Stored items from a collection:

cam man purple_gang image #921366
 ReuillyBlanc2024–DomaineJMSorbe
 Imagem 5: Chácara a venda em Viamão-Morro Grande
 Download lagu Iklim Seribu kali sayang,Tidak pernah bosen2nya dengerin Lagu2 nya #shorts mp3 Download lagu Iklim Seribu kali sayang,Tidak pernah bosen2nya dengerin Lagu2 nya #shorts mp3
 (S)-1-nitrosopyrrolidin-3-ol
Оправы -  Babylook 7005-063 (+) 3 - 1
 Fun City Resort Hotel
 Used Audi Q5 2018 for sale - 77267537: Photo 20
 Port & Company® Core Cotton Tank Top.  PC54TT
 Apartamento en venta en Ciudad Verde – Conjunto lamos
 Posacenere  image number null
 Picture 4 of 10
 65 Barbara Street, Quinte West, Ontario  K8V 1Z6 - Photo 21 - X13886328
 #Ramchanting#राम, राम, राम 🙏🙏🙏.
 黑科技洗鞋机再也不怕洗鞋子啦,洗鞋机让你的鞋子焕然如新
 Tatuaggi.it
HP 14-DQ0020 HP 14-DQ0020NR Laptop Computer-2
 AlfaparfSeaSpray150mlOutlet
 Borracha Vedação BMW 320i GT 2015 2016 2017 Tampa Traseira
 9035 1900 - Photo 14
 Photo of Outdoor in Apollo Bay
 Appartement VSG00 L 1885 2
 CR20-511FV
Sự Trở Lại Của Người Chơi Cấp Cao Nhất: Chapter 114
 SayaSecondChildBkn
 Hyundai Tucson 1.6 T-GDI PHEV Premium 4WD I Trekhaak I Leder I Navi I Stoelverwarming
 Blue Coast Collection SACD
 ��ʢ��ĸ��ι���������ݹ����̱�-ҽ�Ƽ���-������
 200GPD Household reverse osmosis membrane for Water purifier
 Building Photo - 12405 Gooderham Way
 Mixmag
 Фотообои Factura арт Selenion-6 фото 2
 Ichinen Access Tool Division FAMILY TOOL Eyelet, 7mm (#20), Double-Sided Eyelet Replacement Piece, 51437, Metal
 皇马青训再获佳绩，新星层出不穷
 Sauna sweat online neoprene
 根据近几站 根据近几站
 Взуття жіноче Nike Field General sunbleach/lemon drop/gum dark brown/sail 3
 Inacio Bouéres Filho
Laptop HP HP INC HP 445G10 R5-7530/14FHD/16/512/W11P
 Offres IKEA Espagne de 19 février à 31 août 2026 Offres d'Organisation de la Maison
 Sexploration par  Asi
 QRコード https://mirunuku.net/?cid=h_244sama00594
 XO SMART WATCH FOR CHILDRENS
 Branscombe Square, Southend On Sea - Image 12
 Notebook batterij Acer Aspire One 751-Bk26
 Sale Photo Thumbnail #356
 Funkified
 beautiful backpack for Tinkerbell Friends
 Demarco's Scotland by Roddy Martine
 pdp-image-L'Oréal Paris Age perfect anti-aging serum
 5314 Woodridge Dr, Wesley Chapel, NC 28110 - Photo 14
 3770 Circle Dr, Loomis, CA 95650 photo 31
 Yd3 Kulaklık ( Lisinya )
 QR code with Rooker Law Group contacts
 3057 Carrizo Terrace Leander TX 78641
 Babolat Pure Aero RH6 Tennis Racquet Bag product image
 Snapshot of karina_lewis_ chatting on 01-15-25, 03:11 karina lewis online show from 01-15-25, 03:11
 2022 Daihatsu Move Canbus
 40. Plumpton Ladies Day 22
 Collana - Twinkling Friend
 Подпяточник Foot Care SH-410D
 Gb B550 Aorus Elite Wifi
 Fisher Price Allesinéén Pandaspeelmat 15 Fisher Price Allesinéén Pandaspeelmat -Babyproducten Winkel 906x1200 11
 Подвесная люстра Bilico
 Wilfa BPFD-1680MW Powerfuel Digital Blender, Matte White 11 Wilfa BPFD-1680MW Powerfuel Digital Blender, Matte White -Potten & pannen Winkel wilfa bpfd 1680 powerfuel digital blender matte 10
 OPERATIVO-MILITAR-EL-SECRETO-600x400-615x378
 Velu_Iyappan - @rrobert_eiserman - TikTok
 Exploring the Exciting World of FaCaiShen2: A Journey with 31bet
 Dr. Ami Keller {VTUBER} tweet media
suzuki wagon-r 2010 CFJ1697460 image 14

# [Activity]
Return the opening line of the data and every line after it through the line containing "Laptop HP HP", please, exactly as written and with nothing added.

# [Result of this exercise]
cam man purple_gang image #921366
 ReuillyBlanc2024–DomaineJMSorbe
 Imagem 5: Chácara a venda em Viamão-Morro Grande
 Download lagu Iklim Seribu kali sayang,Tidak pernah bosen2nya dengerin Lagu2 nya #shorts mp3 Download lagu Iklim Seribu kali sayang,Tidak pernah bosen2nya dengerin Lagu2 nya #shorts mp3
 (S)-1-nitrosopyrrolidin-3-ol
Оправы -  Babylook 7005-063 (+) 3 - 1
 Fun City Resort Hotel
 Used Audi Q5 2018 for sale - 77267537: Photo 20
 Port & Company® Core Cotton Tank Top.  PC54TT
 Apartamento en venta en Ciudad Verde – Conjunto lamos
 Posacenere  image number null
 Picture 4 of 10
 65 Barbara Street, Quinte West, Ontario  K8V 1Z6 - Photo 21 - X13886328
 #Ramchanting#राम, राम, राम 🙏🙏🙏.
 黑科技洗鞋机再也不怕洗鞋子啦,洗鞋机让你的鞋子焕然如新
 Tatuaggi.it
HP 14-DQ0020 HP 14-DQ0020NR Laptop Computer-2
 AlfaparfSeaSpray150mlOutlet
 Borracha Vedação BMW 320i GT 2015 2016 2017 Tampa Traseira
 9035 1900 - Photo 14
 Photo of Outdoor in Apollo Bay
 Appartement VSG00 L 1885 2
 CR20-511FV
Sự Trở Lại Của Người Chơi Cấp Cao Nhất: Chapter 114
 SayaSecondChildBkn
 Hyundai Tucson 1.6 T-GDI PHEV Premium 4WD I Trekhaak I Leder I Navi I Stoelverwarming
 Blue Coast Collection SACD
 ��ʢ��ĸ��ι���������ݹ����̱�-ҽ�Ƽ���-������
 200GPD Household reverse osmosis membrane for Water purifier
 Building Photo - 12405 Gooderham Way
 Mixmag
 Фотообои Factura арт Selenion-6 фото 2
 Ichinen Access Tool Division FAMILY TOOL Eyelet, 7mm (#20), Double-Sided Eyelet Replacement Piece, 51437, Metal
 皇马青训再获佳绩，新星层出不穷
 Sauna sweat online neoprene
 根据近几站 根据近几站
 Взуття жіноче Nike Field General sunbleach/lemon drop/gum dark brown/sail 3
 Inacio Bouéres Filho
Laptop HP HP INC HP 445G10 R5-7530/14FHD/16/512/W11P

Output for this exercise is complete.